● **What this task involves**:
Retype the listing found below exactly, but leave out each picture.

┄┄┄┄┄┄┄┄┄┄

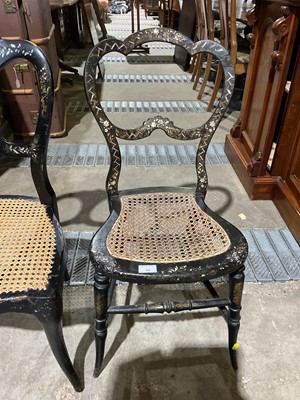 Lot 58 - Victorian bedroom chair with mother of pearl inlaid decoration, together with another (2)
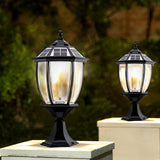 Vintage Black Outdoor Solar Fence Post Light with Remote Control Waterproof Garden LED Lamp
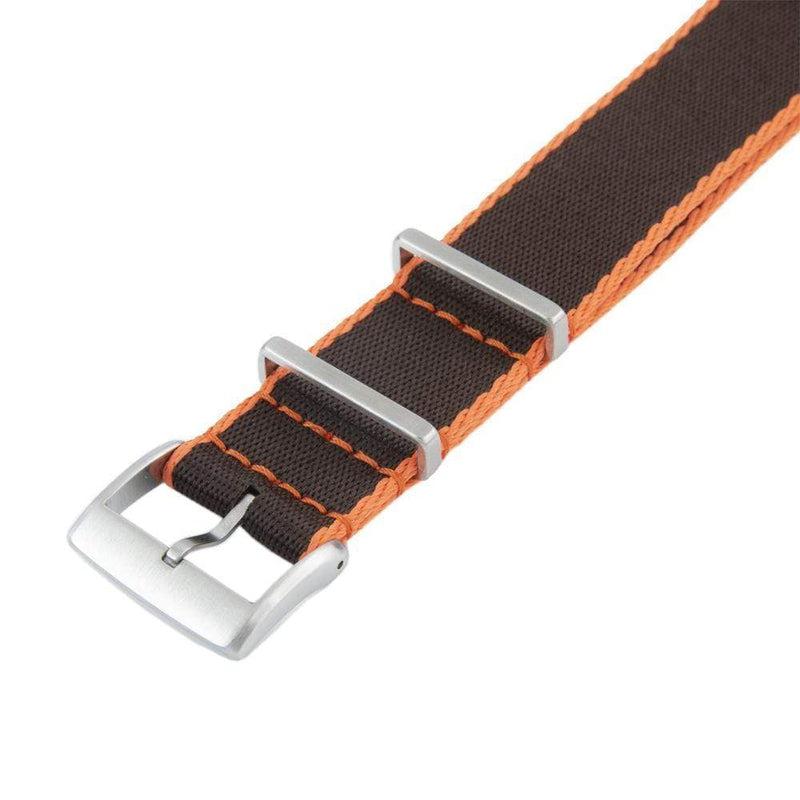 Eco-Friendly Nylon Military Watch Strap - Black Orange Borders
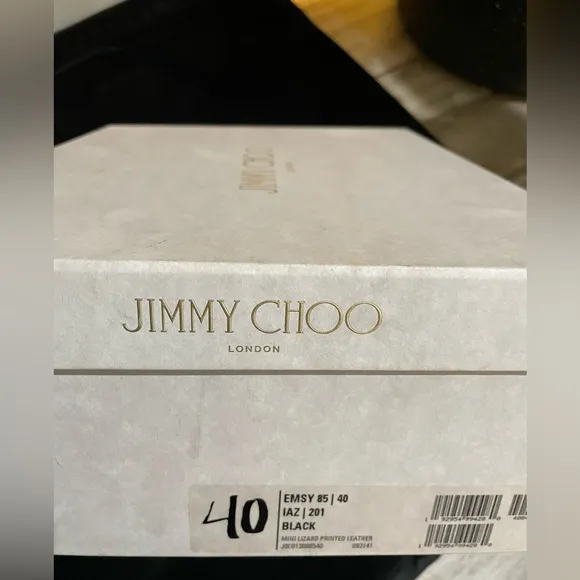 Jimmy Choo Emsy 85 black mini lizard printed leather sandals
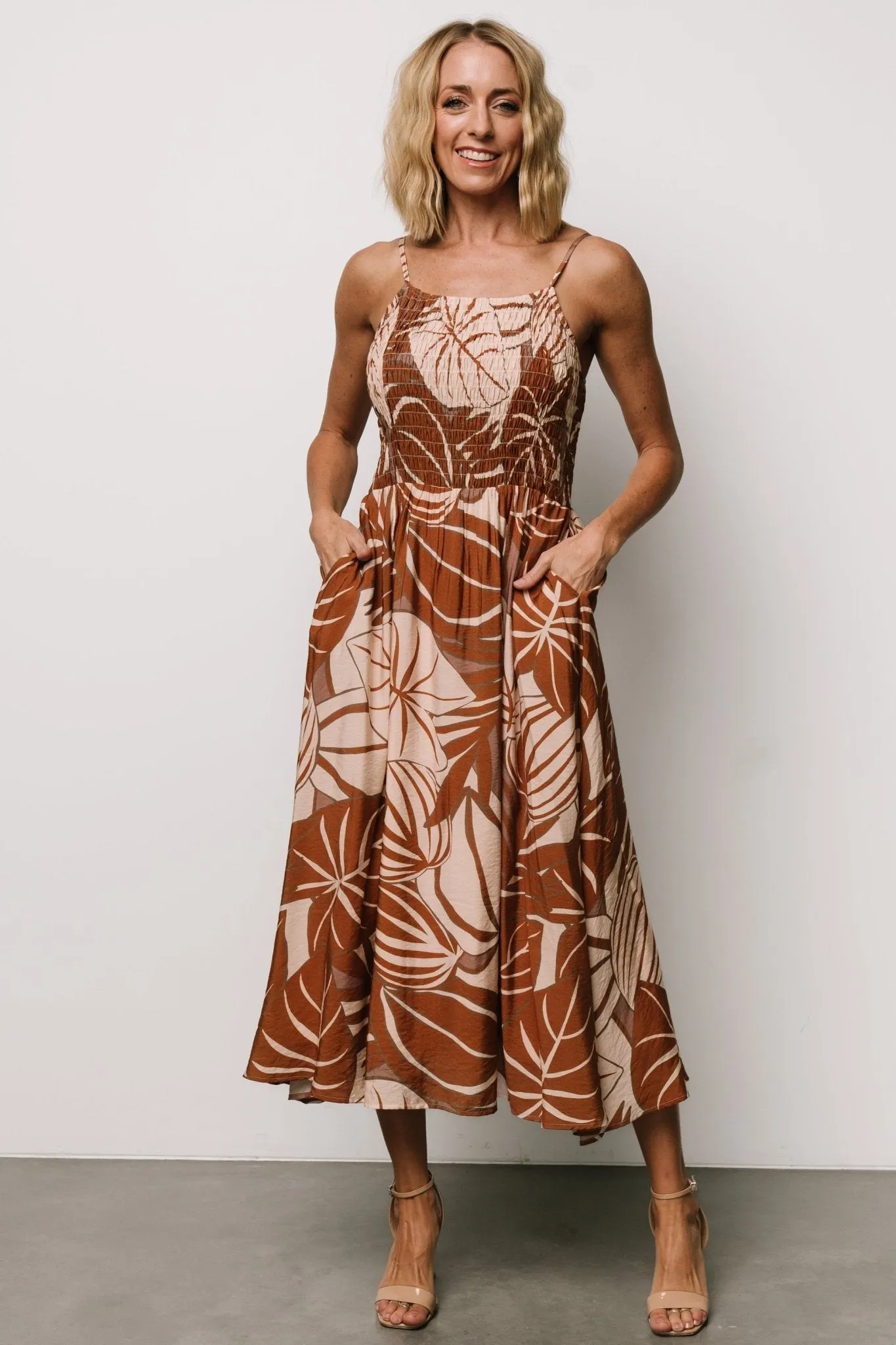 McKinley Smocked Dress | Cream + Camel Multi sold by Baltic Born product image thumbnail 5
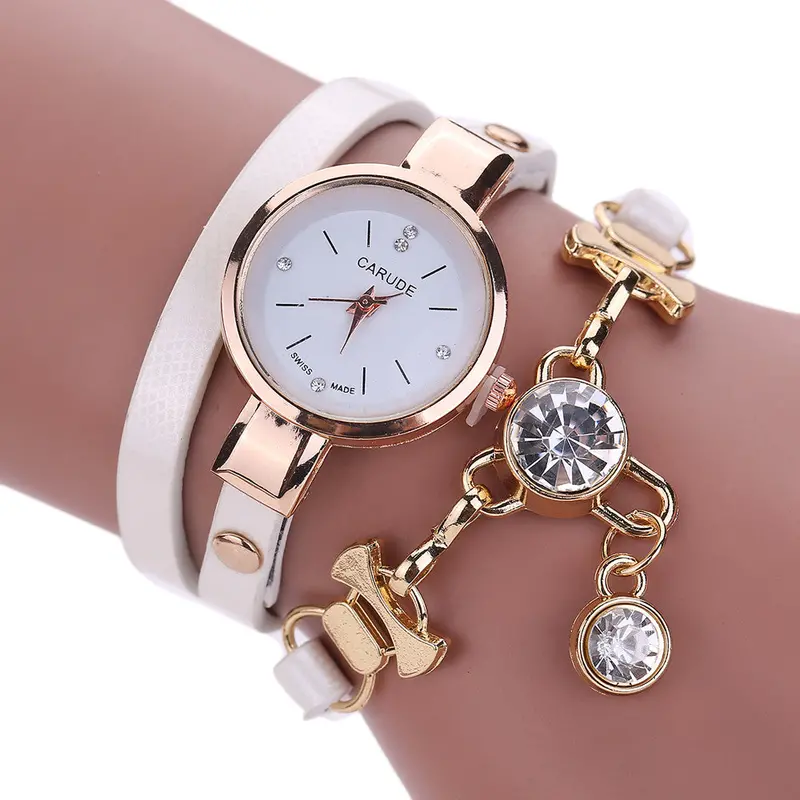 Relojes Mujer Women's Wrist Watches Ladies Faux Leather Rhinestone Analog Quartz Dress Watch Feida 9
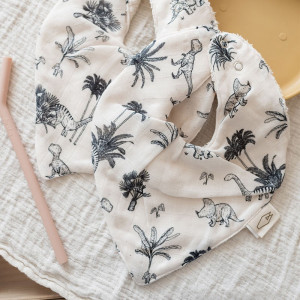 Bavoirs bandana en mousseline de coton bio et éponge Mael "Baby T-Rex" (x2) Milinane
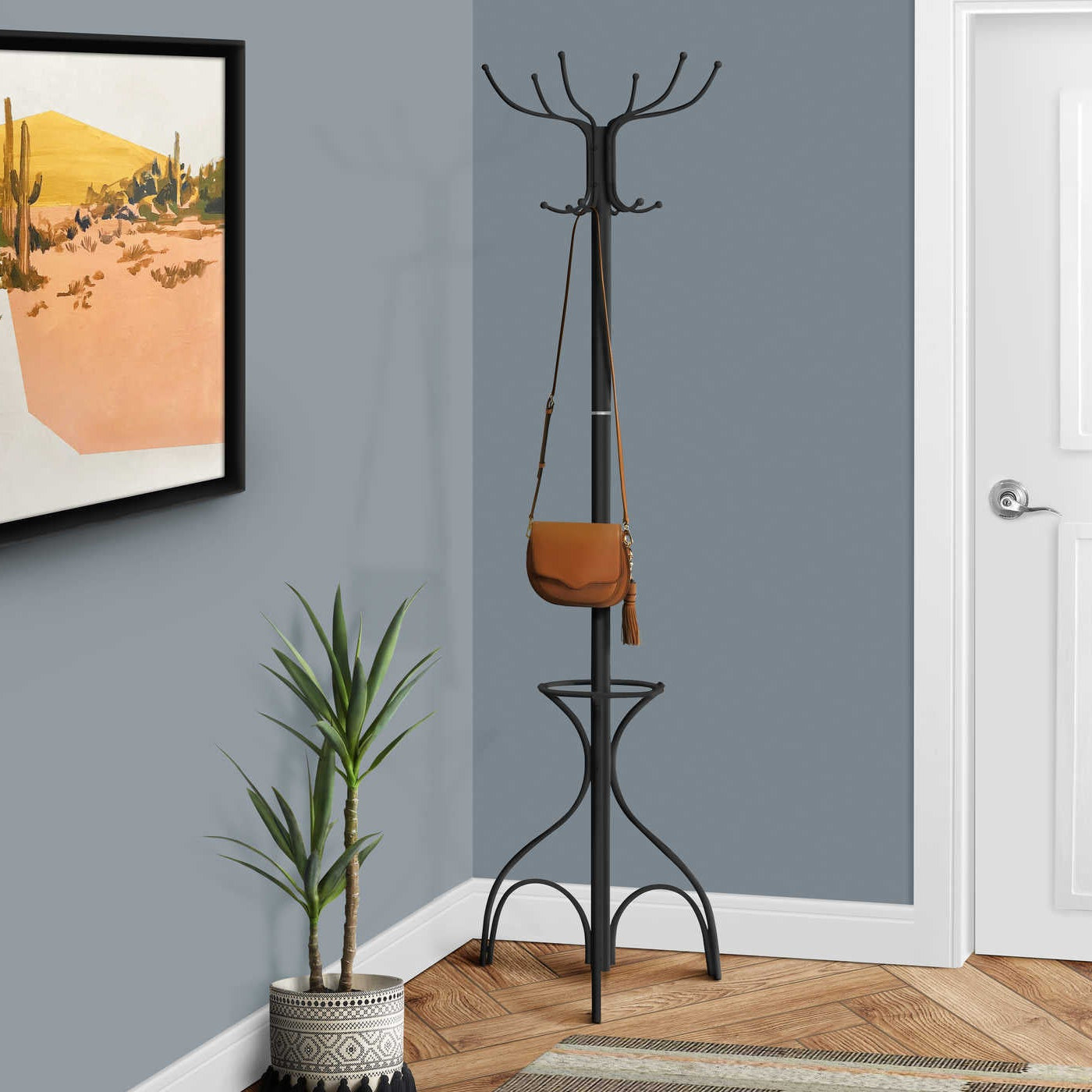 Porte-manteau sur pied I 2031 métal noir 70 po avec 12 crochets et porte-parapluie – Bonito Montréal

┄┄┄┄┄┄┄┄┄┄

● **Task response**:
 Lot 58 - Victorian bedroom chair with mother of pearl inlaid decoration, together with another (2)
 Vintage Black Outdoor Solar Fence Post Light with Remote Control Waterproof Garden LED Lamp
 Eco-Friendly Nylon Military Watch Strap - Black Orange Borders
 Jimmy Choo Emsy 85 black mini lizard printed leather sandals
 McKinley Smocked Dress | Cream + Camel Multi sold by Baltic Born product image thumbnail 5
 Relojes Mujer Women's Wrist Watches Ladies Faux Leather Rhinestone Analog Quartz Dress Watch Feida 9
 Bavoirs bandana en mousseline de coton bio et éponge Mael "Baby T-Rex" (x2) Milinane
 Porte-manteau sur pied I 2031 métal noir 70 po avec 12 crochets et porte-parapluie – Bonito Montréal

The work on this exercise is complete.